##### Records for this exercise

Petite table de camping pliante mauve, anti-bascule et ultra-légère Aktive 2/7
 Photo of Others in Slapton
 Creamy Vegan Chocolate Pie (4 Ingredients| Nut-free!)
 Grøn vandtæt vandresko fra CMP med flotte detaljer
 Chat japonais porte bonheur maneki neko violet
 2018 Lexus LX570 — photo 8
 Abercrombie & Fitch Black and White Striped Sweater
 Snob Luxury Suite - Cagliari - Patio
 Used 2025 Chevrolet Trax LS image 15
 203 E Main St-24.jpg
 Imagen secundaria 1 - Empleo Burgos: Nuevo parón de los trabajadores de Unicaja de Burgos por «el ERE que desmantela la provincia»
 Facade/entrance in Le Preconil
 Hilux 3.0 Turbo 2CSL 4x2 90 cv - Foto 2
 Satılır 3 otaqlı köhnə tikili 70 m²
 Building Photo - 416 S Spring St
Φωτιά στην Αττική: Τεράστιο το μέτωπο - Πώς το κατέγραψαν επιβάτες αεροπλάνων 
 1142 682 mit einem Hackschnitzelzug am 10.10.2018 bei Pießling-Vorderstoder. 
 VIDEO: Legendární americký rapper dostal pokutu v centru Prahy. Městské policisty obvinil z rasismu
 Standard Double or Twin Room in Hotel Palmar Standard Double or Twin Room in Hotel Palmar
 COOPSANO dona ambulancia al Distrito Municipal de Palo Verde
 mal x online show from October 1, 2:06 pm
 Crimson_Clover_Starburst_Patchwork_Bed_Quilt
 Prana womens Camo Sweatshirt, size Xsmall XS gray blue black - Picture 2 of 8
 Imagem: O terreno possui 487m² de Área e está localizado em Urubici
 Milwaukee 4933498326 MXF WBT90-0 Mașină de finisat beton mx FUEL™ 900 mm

##########

**Try it:** Would you copy out exactly the lines above that start at the one containing "Facade/entrance in Le Preconil" and end at the one containing "COOPSANO dona ambulancia", inclusive?

**Answer space:**
 Facade/entrance in Le Preconil
 Hilux 3.0 Turbo 2CSL 4x2 90 cv - Foto 2
 Satılır 3 otaqlı köhnə tikili 70 m²
 Building Photo - 416 S Spring St
Φωτιά στην Αττική: Τεράστιο το μέτωπο - Πώς το κατέγραψαν επιβάτες αεροπλάνων 
 1142 682 mit einem Hackschnitzelzug am 10.10.2018 bei Pießling-Vorderstoder. 
 VIDEO: Legendární americký rapper dostal pokutu v centru Prahy. Městské policisty obvinil z rasismu
 Standard Double or Twin Room in Hotel Palmar Standard Double or Twin Room in Hotel Palmar
 COOPSANO dona ambulancia al Distrito Municipal de Palo Verde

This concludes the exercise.